DENNIS POTTER: It’s a very complicated story, but if I could put in essence what I saw I was trying to do – it’s, in a way it’s a simple flip-over of an orthodox, of an ordinary sentimental religiose, rather than religious, parable, in that there is an afflicted house – variously afflicted, but in particular with a crippled, seemingly mindless, struck girl, young girl. And there is a visitor, and the visitor brings her to life and makes her speak. Now, if that visitor were an angel, then all you would have is sanctimoniousness, you would learn nothing about anything, and I chose, in my head – and this is how it began, this is why I’m talking this way – it began in my head as like that ... What if it were the devil? Instead of making that easy distinction which, on the whole, only the blasphemous make ... non-religious people make this dis­tinction very easily, between so-called good and so-called evil, when of course they are interrelated, and one is defined in terms of the other, and one can’t exist without the other, which is why ... Satan was an angel, you know ... and all art of any kind has attempted to deal with this, has had to deal with the dualism of it. So instead of the angel coming and rescuing the cripple and the dumb and the afflicted, I had the devil do it. The evil act can lead to good consequences; a good act can lead to evil con­sequences. This is often the case, and it is ... it is incomprehensible. It is as though, you know, the rain falls on the just and upon the unjust. It is so. Now, it appeared disgusting because it was a devil, and because it was a rape, or the beginnings of a rape, that made her cry out; and interestingly, the cry out was actually an accusation against her father. That complexity is, as I say, simply a reversal of what would have been sanctimonious and sentimental. It was that that offended and afflicted people.

I remember Alastair Milne, Director of Programmes for tele­vision at the time, saying, in a letter to me, something like, ‘brilliantly made and written, so and so ... but nauseating’ – ‘nauseating, diabolical’, exactly the right word. It was diabolical. It was meant to be. Nauseating, not in the sense that he meant, but nauseating in the sense of making you think about those forces, those circumstances, those afflictions, and the way we manipulate the words good and bad. That to me is what it was about.

MB: It did, it did ... it’s strange that that should be banned, isn’t it, in a way?
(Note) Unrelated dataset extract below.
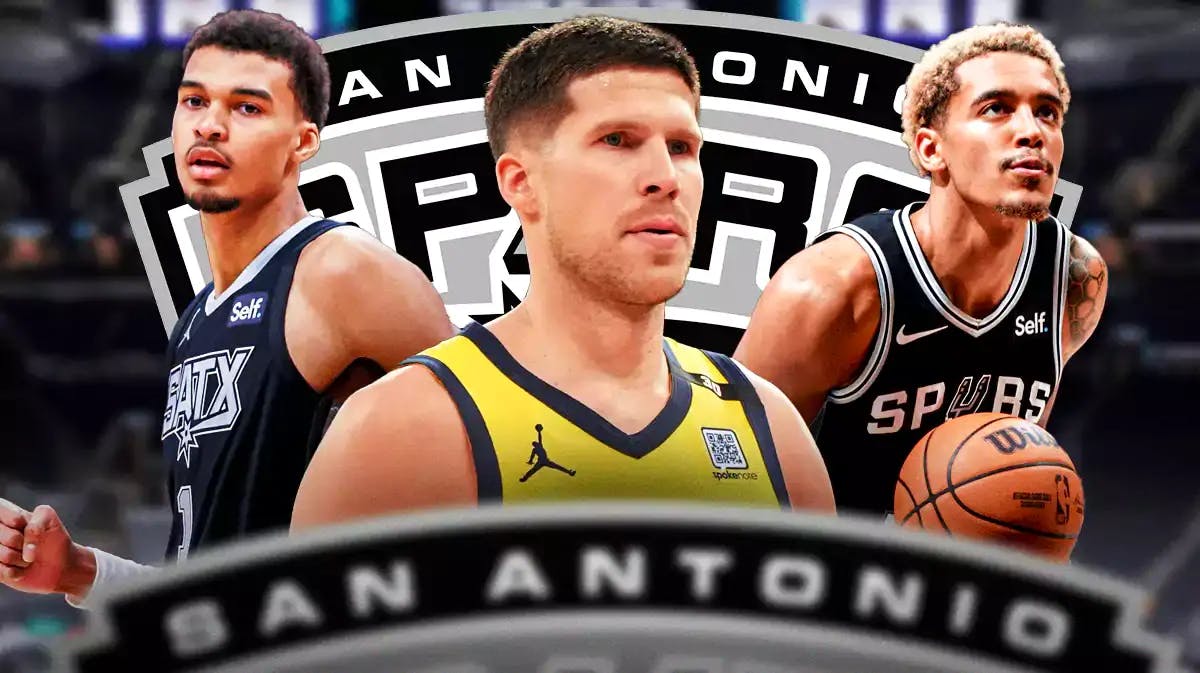 Doug McDermott in middle looking stern, Victor Wembanyama and Jeremy Sochan on either side, SA Spurs logo, basketball court in background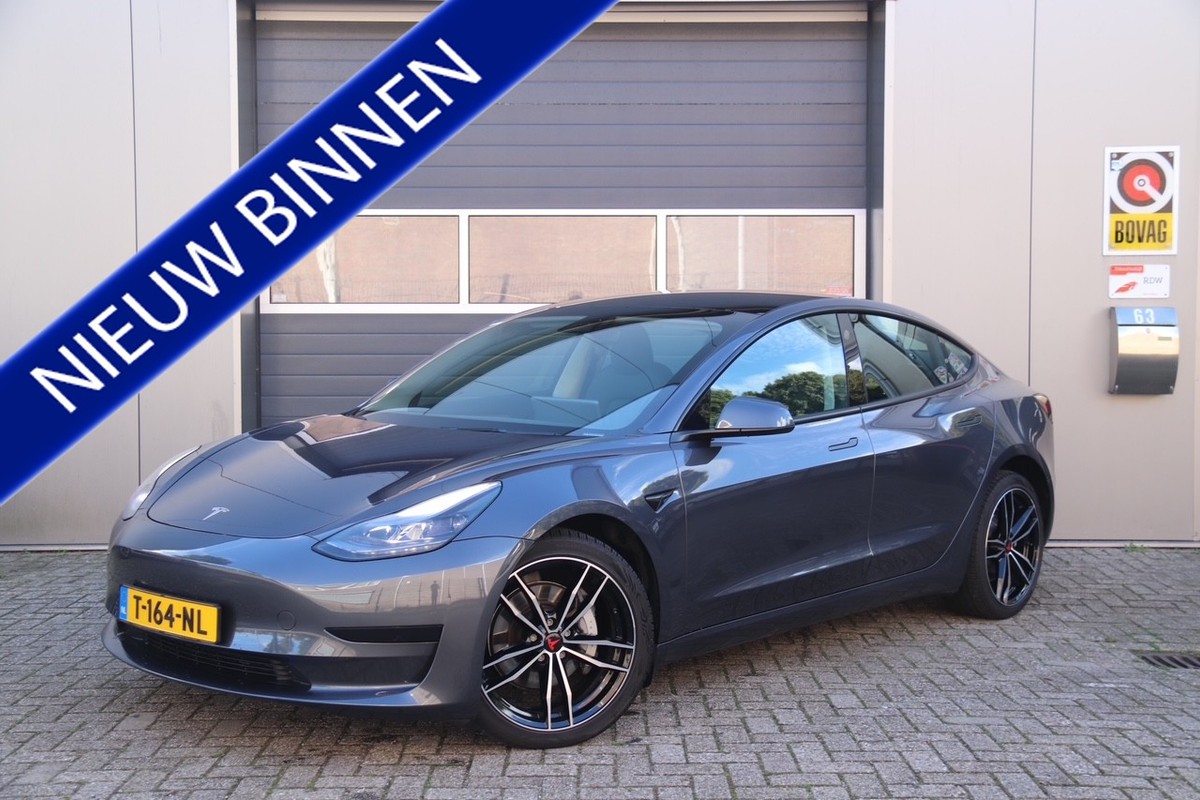 Tesla-Model 3-Standard RWD Plus 60 kWh, Stoel & Stuurverwarmd, Camera, Trekhaak, Pano, Navi | Lease One en Lenen op Maat maken het mogelijk! Tesla-Model 3-Standard RWD Plus 60 kWh, Stoel & Stuurverwarmd, Camera, Trekhaak, Pano, Navi | Lease One en Lenen op Maat maken het mogelijk!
Did you want to pursue it?

DP: Now, Mrs Whitehouse wanted me prosecuted for blas­phemy after Son of Man about Jesus, because my Jesus was, if you like, a Forest of Dean Jesus, with a view of the wood and the cross before his crucifixion, like knowing that it was good timber, and then the uses that man, cruel man, puts timber ... instead of making tables and chairs and useful things, they kill other men with it – and because he was that sort of Jesus, and there are millions of Jesuses – obviously, and mine was just one of them – but there was a row in the Australian Parliament about it, you know, things like that, and I think, well, if people get so condi­tioned that they’ll watch these endless pappy series without any ... there’s violence every twenty or thirty seconds – whatever the audience rating system demands – there’s sex used just like that, bang ... there are constant sanctimonious references to God or the good, you know ... If you quest, if you try and make people see the real, real, real use of these words, they get hopping mad sometimes, but so be it. But that’s what television’s for too.